- Task to complete
Set down exactly the lines below, starting at the one that contains "Srbija nikada više" and ending at the one that contains "[RESERV] El verano en que Hikaru murió 02 1", with both of those lines included and nothing else.

- Data under study
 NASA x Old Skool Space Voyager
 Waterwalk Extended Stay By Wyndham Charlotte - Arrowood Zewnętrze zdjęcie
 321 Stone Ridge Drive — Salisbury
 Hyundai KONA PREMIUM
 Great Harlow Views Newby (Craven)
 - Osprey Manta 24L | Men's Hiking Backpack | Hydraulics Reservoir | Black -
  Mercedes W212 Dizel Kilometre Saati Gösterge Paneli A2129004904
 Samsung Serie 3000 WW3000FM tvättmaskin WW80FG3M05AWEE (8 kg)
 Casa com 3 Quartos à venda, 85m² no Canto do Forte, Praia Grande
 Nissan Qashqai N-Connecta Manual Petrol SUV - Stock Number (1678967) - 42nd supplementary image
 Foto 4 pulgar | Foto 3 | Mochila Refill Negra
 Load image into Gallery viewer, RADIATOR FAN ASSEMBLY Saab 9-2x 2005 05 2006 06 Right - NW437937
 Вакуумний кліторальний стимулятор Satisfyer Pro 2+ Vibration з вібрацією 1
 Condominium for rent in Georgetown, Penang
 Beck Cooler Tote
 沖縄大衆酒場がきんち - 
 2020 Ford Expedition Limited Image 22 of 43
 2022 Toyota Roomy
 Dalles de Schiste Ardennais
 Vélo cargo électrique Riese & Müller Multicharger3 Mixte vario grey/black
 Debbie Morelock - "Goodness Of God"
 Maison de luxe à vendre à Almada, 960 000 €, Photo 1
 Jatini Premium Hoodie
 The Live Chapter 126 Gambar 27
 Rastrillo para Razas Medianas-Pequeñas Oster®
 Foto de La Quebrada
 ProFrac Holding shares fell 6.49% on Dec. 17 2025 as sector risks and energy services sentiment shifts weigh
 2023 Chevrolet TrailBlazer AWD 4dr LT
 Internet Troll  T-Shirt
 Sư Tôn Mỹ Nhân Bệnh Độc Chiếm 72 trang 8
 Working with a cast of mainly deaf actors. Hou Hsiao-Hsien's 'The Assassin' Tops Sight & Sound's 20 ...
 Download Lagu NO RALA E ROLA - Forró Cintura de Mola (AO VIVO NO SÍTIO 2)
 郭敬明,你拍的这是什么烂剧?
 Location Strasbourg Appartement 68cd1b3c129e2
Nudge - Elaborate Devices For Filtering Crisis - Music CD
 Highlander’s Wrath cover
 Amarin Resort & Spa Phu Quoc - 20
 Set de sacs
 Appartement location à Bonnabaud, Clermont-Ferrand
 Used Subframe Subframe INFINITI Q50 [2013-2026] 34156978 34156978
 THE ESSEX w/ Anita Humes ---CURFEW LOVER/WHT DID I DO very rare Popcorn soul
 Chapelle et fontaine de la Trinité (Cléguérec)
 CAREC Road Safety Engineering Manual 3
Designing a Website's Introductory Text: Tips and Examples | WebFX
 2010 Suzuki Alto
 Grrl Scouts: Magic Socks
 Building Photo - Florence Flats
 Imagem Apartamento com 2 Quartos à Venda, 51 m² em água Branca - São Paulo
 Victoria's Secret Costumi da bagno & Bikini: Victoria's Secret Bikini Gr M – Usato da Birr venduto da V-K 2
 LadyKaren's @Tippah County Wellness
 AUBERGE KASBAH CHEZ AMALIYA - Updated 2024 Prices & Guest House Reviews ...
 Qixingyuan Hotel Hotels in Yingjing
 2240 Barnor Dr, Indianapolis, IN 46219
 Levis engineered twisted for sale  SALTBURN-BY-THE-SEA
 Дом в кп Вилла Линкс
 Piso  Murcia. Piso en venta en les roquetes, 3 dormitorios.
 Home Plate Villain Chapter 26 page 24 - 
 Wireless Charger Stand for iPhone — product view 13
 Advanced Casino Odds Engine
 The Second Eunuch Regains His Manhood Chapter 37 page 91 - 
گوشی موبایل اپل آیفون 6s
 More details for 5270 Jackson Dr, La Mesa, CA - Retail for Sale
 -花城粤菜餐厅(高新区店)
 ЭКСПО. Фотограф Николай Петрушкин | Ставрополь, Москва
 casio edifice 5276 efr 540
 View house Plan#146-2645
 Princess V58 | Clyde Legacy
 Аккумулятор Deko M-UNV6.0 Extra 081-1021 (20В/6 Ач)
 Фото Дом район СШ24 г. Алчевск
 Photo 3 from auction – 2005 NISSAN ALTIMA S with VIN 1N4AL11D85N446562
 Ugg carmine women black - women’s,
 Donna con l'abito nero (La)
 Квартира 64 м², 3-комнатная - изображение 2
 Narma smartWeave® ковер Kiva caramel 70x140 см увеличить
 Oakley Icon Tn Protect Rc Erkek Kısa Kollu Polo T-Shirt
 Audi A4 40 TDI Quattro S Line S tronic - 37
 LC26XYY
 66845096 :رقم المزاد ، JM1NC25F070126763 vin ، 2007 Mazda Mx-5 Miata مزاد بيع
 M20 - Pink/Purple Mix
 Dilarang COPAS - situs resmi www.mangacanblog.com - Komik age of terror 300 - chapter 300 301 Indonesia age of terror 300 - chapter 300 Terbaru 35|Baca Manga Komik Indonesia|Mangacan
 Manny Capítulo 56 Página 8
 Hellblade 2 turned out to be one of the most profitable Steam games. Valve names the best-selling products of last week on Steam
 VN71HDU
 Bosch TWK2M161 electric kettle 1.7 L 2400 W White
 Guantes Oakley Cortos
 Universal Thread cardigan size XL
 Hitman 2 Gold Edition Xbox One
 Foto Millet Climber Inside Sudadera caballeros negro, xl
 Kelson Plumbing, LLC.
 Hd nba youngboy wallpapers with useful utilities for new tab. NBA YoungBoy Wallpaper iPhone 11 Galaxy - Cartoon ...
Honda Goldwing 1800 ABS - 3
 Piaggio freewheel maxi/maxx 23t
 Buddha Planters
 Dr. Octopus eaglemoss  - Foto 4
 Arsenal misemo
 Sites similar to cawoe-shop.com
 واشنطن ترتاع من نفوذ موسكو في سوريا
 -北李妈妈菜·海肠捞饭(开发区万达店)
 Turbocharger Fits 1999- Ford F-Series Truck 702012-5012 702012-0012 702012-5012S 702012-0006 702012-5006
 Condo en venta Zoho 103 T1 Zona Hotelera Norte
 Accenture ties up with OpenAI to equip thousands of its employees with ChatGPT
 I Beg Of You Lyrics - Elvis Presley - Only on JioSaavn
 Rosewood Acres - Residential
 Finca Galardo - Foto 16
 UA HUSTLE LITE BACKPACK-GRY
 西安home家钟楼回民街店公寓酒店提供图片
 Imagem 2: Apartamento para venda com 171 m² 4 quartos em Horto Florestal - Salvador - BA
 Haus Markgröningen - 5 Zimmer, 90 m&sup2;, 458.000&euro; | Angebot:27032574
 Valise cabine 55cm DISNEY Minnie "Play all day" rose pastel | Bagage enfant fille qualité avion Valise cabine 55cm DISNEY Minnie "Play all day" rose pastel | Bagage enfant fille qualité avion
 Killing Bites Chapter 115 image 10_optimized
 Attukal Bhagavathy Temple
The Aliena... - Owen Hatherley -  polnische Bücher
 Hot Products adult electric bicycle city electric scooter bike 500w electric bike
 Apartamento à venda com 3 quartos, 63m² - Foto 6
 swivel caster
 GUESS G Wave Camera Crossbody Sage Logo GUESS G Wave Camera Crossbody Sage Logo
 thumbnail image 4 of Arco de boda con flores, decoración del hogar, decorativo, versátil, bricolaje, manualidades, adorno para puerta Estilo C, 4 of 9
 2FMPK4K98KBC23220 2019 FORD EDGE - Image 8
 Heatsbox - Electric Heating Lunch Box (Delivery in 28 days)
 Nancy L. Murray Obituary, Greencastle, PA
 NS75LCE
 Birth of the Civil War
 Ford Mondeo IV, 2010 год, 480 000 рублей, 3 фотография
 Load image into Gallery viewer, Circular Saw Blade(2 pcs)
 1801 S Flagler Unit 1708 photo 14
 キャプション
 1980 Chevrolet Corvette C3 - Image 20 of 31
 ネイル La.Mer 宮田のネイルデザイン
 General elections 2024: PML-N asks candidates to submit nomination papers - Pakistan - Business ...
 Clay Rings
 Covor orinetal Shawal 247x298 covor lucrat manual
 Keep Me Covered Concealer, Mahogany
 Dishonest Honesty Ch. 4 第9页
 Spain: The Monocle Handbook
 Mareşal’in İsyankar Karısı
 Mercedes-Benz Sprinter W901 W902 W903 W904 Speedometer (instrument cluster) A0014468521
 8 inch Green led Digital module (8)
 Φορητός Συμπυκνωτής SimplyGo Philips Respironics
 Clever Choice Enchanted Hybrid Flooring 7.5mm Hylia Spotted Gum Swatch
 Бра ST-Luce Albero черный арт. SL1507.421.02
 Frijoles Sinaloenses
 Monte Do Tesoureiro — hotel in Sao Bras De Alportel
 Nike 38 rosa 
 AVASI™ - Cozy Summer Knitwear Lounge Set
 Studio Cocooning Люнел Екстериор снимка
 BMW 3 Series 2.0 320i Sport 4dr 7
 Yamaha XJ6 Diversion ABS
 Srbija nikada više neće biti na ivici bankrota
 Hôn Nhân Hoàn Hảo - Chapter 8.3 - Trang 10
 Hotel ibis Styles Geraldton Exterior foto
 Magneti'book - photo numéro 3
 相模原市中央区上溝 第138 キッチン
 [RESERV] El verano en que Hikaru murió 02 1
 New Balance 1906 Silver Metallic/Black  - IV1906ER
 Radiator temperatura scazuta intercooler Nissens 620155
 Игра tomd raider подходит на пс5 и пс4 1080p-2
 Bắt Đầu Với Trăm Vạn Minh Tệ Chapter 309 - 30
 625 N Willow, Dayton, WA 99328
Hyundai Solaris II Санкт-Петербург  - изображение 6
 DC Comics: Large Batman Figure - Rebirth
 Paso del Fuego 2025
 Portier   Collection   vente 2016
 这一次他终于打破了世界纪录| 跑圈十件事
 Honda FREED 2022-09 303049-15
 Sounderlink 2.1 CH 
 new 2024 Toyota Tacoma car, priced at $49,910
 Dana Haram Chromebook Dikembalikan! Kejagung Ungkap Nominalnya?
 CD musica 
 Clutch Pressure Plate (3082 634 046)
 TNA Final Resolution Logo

- Your solution
 Srbija nikada više neće biti na ivici bankrota
 Hôn Nhân Hoàn Hảo - Chapter 8.3 - Trang 10
 Hotel ibis Styles Geraldton Exterior foto
 Magneti'book - photo numéro 3
 相模原市中央区上溝 第138 キッチン
 [RESERV] El verano en que Hikaru murió 02 1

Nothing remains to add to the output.